Ludicrous claims that current interventions prevent a worse alternative are little believed but the war continues
Lindsey German
‘Theatres of war stretch from Afghanistan to Libya, some of the major cities of the Middle East are in ruins, and the danger even now of further escalation is real.’
As I watched the official commemorations of the battle of Passchendaele earlier this week, it struck me as odd that we still mark the anniversaries of a war which no living person can have fought in, and which was followed by a second war only a generation later which was even more costly in terms of human lives. We are approaching our own military anniversary next month: the war on terror will have been in existence for 16 years. Yet it will be marked without the pomp and pageantry or attendance by the great and the good at any of its battlefields.

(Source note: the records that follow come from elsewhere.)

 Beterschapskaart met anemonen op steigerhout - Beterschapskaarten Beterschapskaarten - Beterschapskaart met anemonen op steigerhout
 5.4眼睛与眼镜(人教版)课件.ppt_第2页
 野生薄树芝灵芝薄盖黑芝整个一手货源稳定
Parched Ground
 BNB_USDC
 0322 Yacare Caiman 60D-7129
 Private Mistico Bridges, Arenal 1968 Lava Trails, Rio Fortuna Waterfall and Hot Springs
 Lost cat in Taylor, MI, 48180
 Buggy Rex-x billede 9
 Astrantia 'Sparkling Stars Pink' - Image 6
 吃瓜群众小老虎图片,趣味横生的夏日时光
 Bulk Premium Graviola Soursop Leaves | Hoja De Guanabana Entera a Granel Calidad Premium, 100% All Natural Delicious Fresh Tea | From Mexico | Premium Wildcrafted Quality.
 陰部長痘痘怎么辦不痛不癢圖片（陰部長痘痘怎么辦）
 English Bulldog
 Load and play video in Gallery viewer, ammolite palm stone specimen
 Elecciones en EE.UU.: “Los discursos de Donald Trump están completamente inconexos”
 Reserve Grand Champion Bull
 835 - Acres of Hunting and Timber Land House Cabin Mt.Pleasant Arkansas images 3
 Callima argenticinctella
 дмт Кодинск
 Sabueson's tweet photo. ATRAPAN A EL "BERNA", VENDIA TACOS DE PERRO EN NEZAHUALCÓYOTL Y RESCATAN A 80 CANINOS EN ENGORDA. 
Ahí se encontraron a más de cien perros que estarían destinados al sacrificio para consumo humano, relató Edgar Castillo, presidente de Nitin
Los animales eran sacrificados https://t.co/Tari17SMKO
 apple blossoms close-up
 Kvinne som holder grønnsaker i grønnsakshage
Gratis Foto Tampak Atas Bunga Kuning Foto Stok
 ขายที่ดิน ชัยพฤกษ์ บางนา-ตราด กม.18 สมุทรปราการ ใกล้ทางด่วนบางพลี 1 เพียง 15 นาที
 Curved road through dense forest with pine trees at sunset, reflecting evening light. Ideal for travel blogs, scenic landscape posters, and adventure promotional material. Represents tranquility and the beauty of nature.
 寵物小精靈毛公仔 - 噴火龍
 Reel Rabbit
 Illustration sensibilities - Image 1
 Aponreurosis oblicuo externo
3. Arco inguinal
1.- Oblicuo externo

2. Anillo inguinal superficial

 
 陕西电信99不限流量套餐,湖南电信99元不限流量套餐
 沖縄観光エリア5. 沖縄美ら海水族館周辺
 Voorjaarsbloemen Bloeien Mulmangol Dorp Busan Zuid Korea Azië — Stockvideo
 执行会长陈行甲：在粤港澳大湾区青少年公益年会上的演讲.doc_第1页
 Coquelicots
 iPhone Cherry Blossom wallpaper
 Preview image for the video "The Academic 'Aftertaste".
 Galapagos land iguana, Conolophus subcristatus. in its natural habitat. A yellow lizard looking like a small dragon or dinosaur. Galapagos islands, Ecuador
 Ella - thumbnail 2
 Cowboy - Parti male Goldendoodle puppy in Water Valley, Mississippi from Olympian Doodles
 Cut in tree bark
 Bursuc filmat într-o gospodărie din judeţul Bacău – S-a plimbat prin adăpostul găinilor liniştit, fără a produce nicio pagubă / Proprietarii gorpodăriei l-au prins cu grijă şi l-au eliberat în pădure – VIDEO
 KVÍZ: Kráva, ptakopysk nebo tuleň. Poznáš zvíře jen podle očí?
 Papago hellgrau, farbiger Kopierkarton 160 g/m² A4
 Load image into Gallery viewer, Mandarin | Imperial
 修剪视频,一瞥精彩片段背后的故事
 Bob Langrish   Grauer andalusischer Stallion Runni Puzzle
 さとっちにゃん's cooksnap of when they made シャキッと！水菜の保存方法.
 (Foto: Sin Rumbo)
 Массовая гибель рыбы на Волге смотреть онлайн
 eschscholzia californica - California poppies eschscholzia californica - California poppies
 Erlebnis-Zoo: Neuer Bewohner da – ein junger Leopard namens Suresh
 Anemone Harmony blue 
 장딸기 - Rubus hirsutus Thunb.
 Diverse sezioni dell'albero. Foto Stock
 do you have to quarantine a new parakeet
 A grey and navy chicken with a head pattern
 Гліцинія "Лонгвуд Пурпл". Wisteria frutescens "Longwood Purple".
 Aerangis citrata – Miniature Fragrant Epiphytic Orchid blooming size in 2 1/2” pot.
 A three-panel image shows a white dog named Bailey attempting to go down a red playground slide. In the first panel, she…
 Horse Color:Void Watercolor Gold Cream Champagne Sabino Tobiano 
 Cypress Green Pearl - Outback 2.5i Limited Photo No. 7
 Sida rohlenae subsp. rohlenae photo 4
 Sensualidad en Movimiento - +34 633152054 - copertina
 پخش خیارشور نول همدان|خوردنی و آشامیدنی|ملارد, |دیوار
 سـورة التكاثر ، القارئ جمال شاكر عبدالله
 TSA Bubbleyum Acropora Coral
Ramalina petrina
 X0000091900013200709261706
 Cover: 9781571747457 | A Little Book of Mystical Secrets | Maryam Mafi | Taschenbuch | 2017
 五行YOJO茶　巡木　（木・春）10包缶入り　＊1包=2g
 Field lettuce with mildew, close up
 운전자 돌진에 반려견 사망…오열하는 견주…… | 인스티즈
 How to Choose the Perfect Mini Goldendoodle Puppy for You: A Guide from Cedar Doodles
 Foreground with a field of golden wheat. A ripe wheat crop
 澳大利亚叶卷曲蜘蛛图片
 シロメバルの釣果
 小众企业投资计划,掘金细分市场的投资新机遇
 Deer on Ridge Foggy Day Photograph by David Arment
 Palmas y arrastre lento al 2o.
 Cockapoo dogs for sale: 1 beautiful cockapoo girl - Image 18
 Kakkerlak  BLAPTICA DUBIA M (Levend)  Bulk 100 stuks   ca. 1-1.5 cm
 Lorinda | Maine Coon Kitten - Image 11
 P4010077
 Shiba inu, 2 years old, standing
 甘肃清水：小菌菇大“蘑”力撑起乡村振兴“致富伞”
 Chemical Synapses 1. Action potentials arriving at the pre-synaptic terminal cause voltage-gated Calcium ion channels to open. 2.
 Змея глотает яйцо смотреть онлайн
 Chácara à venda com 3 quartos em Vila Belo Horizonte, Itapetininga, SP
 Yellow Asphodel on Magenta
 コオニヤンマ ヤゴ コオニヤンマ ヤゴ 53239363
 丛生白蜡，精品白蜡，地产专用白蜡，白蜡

Indeed, its incredible longevity is barely remarked anywhere, but this war has now gone on longer than the two world wars put together. While its casualty figures are lower, they must now – even on the most conservative estimates – number over 1 million dead, with millions more displaced and made refugees, and millions deeply affected physically or mentally by their experience of war. Theatres of war stretch from Afghanistan to Libya, some of the major cities of the Middle East are in ruins, and the danger even now of further escalation is real.
The failure to analyse, or even as much as comment, on the war is a poison in the body politic – combining an unquestioning acceptance of its existence with a refusal to seriously assess its manifest failure. We have just gone through the fourth election where this country has been engaged in a war but the vast majority of our politicians refuse to treat it as a matter for debate.
The debate that does occur in domestic politics is instead about two issues: Muslims and terrorism. In the minds of the media and many politicians they are the same thing. The poison from the war does not only affect people in the countries invaded, occupied and bombed – it directly impacts on people in Britain. We are locked in a vicious circle of war against mainly Muslim countries which in turn leads to a growth in terrorism and which then leads to a growth in Islamophobia and attacks on Muslims who are denounced as terrorists and extremists.
Islamophobia had existed before 2001 but after that time it took on a totally new impetus in western society, coupled as it was with an increase in anti-terror laws, far more draconian than those introduced at the height of the IRA campaigns in Britain in the 1970s. Far from reducing the levels of terrorism – which was after all the avowed aim of the original war – they have grown, especially since the development of Islamic State, originally formed in a prison in British occupied Iraq back in 2007.
The defeats of IS in Syria and Iraq in recent months are unlikely to see the end of terrorist attacks in the west. The many civilian casualties caused by bombing in cities such as Mosul and Aleppo will lead to bitterness and the creation of further terrorist groups. In addition, western policy itself has aided terrorist groups.
This can be seen most clearly in the example of Libya, where the Manchester suicide bomber was a young Libyan who had been allowed back into Libya to fight against Gadhafi in 2011, and according to some accounts trained with IS.
The multi sided civil war in Libya which has continued since the overthrow of Gadhafi in 2011 has seen increasing western intervention. Failure to achieve any sort of peace led western powers including Britain to demand the recognition of a UN backed government in order for that government to be able to invite further intervention by western powers under international law. This agreement, brokered in 2015-16, saw the presidency council in hock to assorted militias. It also saw the intervention of British special forces involved in military operations against IS.
British intervention is not a thing of the past in Iraq, Syria, Libya and Afghanistan – not forgetting tis role in Yemen – but is very much current, and is only helping to fuel continued fighting in these countries.
The war was not about dealing with terrorism, let alone making the Middle East and South Asia safer. It was always about imperial reach and strategic power, and the need to control the politics and resources of the region. There is no sign of this changing, nor indeed of any sign that the major powers in the world have learnt any of the lessons of the war’s failings.
Instead, the Passchendaele mud has been replaced with the deserts of Libya and Iraq. The ludicrous claims that these interventions prevent a worse alternative are little believed, but the war continues because those in power are determined that it should.
The news that a general from the US Marines is now running the White House illustrates this enduring belief in military success, even when we have seen the opposite. The fact that in the past weeks Trump has imposed sanctions on variously Russia, Iran and Venezuela, and is heading for further conflict with North Korea, suggests that empires in decline can still be highly dangerous. An anti-war movement is not optional, but an essential part of our political armoury.